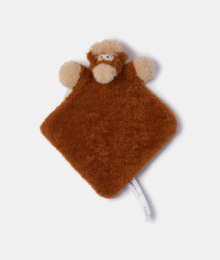 Woody, knuffeldoekje, Pony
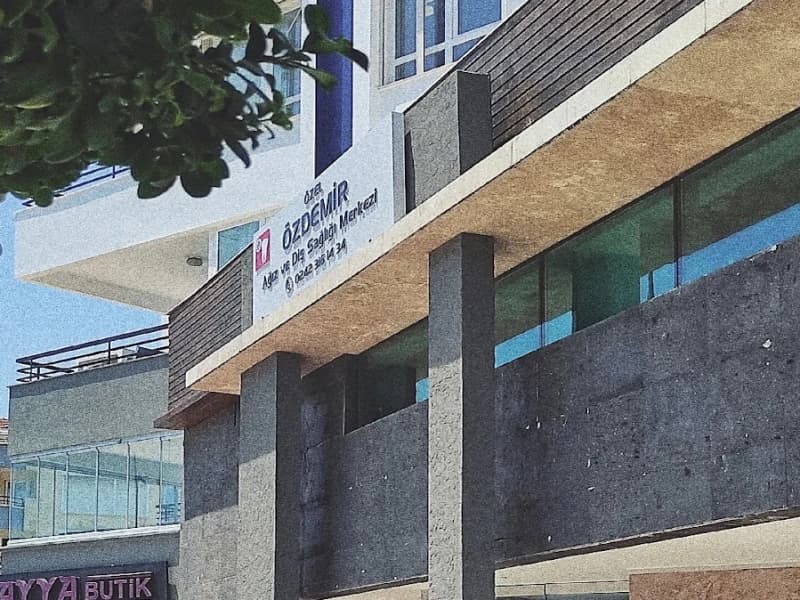 Özdemir Dental Center Antalya - Facility Photo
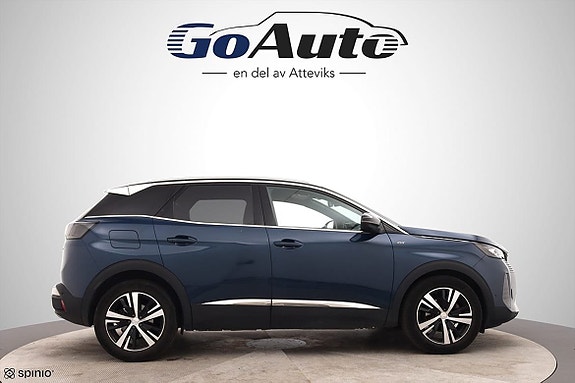 Peugeot 3008 3 of 22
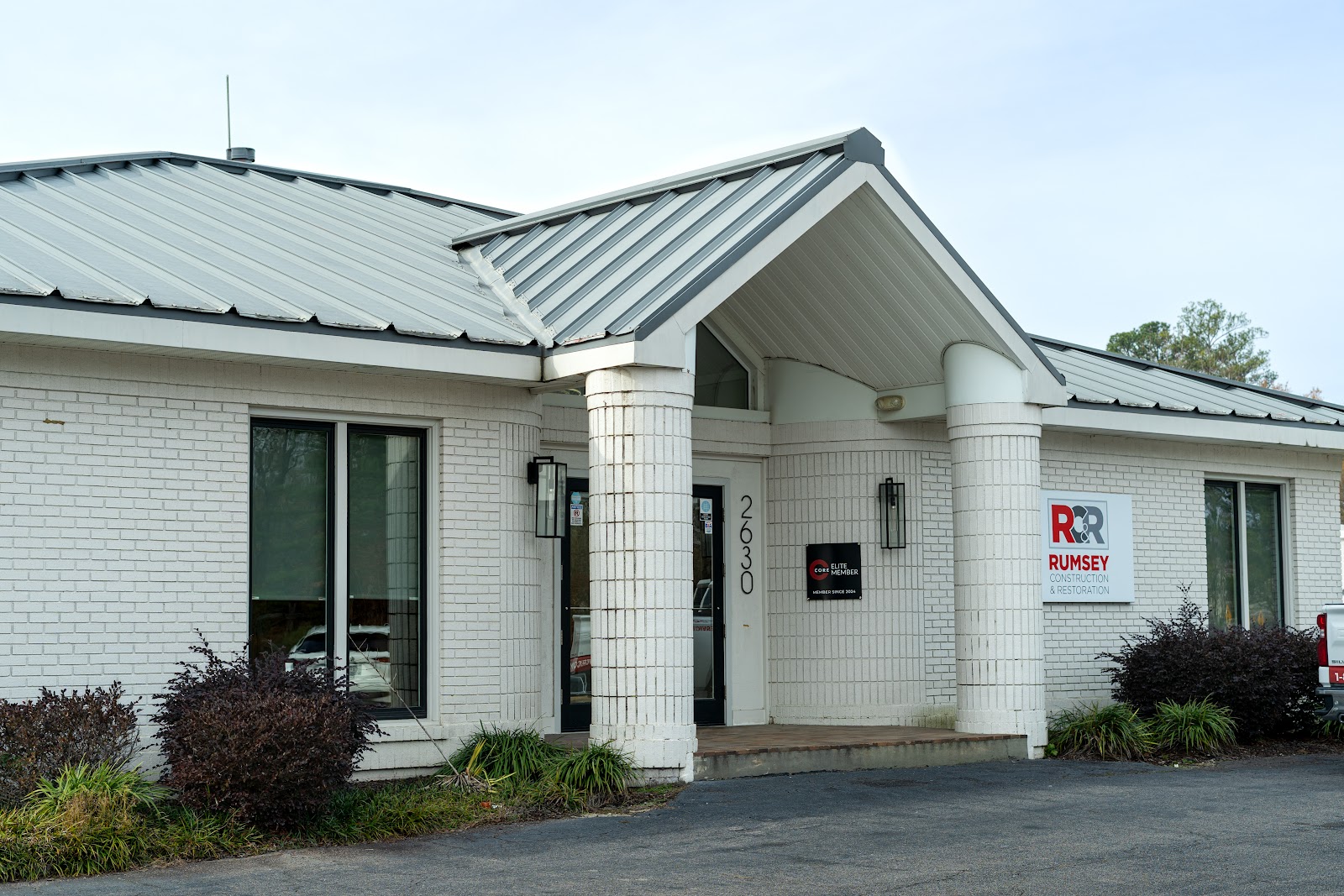 Rumsey Construction & Restoration cover photo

*What you should do*: Output the listing above in full and exactly, with pictures excluded.

*Exercise response*:
 Woody, knuffeldoekje, Pony
 Özdemir Dental Center Antalya - Facility Photo
 Peugeot 3008 3 of 22
 Rumsey Construction & Restoration cover photo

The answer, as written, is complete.